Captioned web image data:

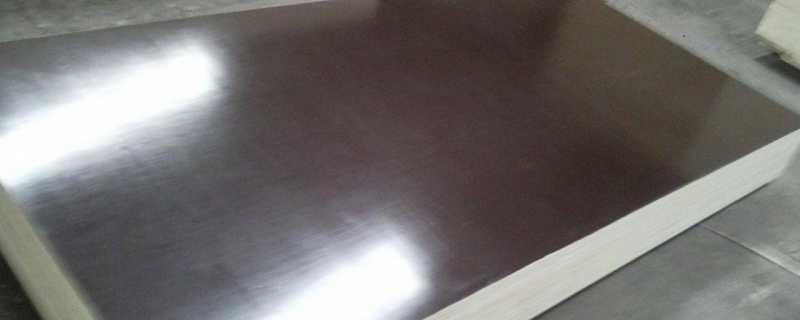 SUS440A不銹鋼是什么材料(SUS440A材質介紹)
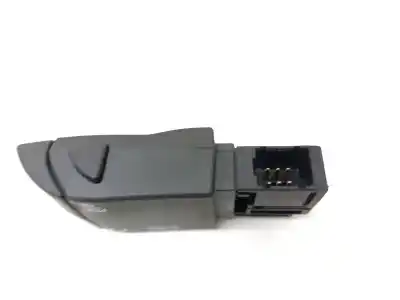Second-hand car spare part multifunction switch for renault captur ii (2019-0) oem iam references 255522448r  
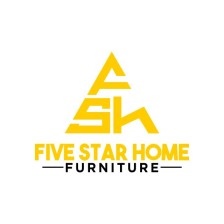 FSH Furniture - avatar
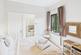 Additional image 18 of Elmley Lovett, Kendal Road, Bowness-on-Windermere, LA23 3FB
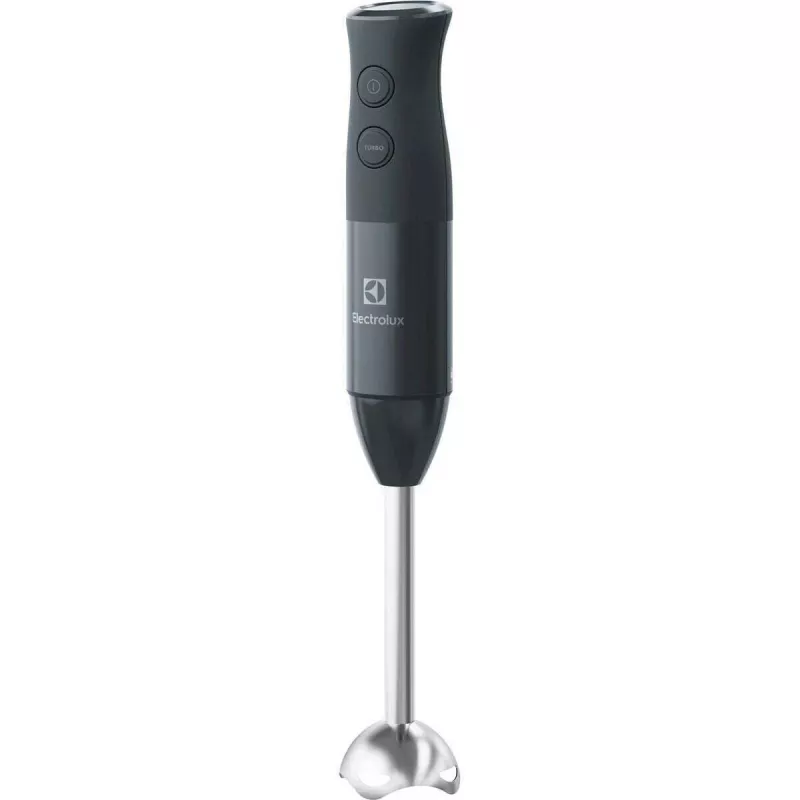 Panardintuvas Electrolux E4HB1-6GG 600 W Nerūdijantis plienas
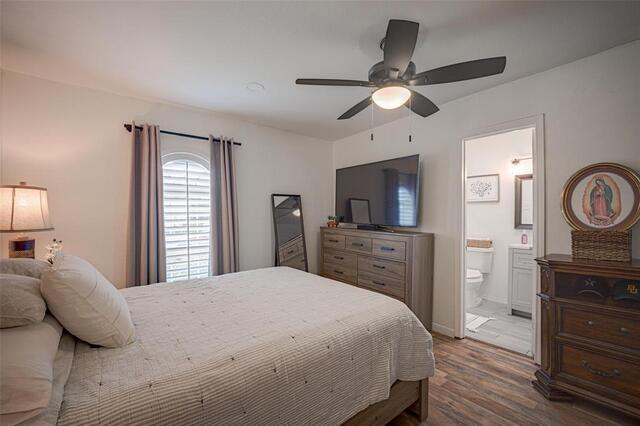 2916 Lockwood, Drive Carrollton, TX photo 12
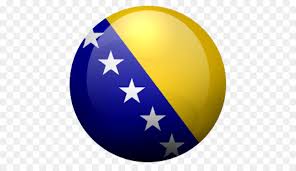 Please wait while your url is generating. Bosnia Dan Herzegovina Bendera Bosnia Dan Herzegovina Bendera Gambar Png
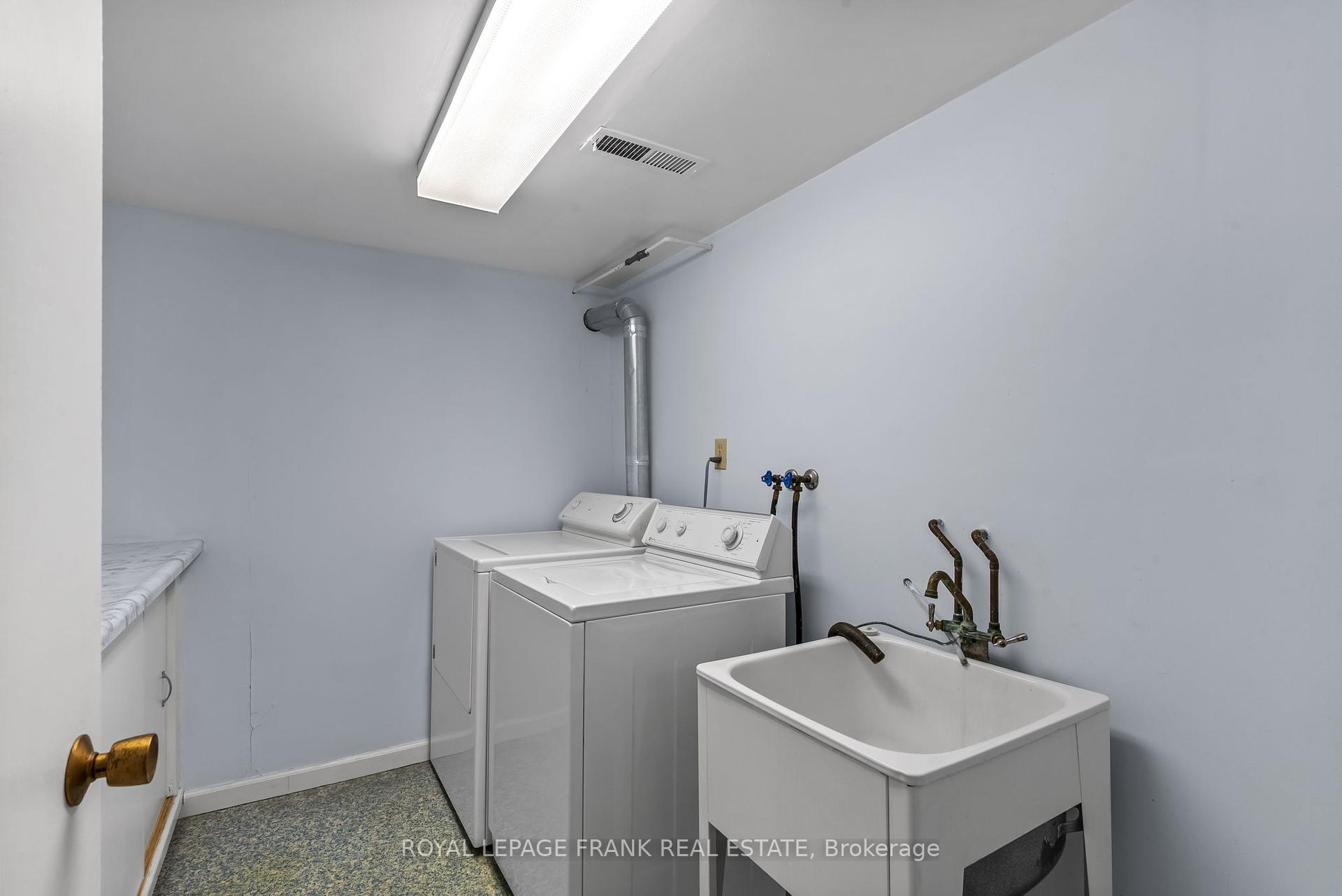 84 Chestermere Blvd, Toronto, ON M1J2Y1 | 3 Bedroom 2 Bathroom Detached House | Image 29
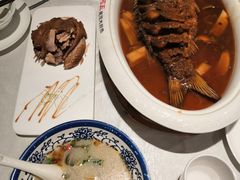 -阿五黄河大鲤鱼(英协路店)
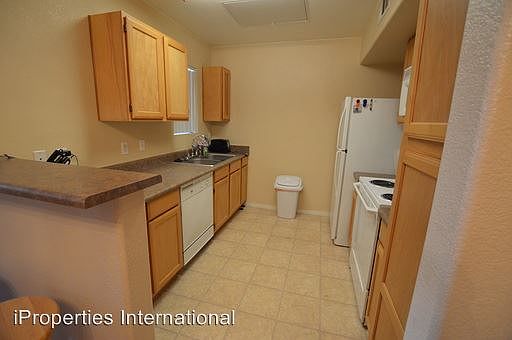2nd image of 45 Maleena Mesa St APT 421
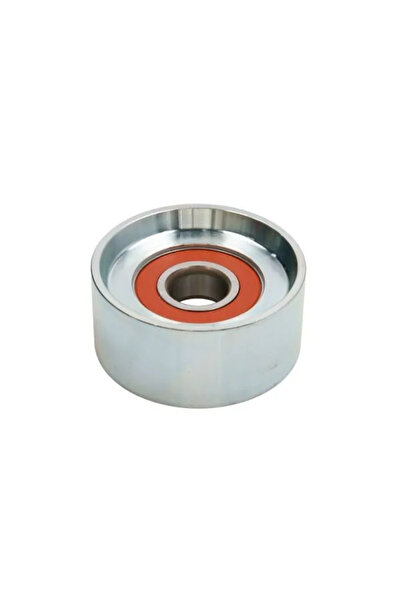 BTA Curea de transmisie, Curea de distribuție B05-02-091 Man Em/F90/Foc/Hocl/...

TASK TO COMPLETE
What's needed is an exact copy of the lines above from the one with "FSH Furniture - avatar" through the one with "2916 Lockwood, Drive Carrollton, TX photo 12", both included; the pictures stay out.

OUTPUT OF THE TASK
 FSH Furniture - avatar
 Additional image 18 of Elmley Lovett, Kendal Road, Bowness-on-Windermere, LA23 3FB
 Panardintuvas Electrolux E4HB1-6GG 600 W Nerūdijantis plienas
 2916 Lockwood, Drive Carrollton, TX photo 12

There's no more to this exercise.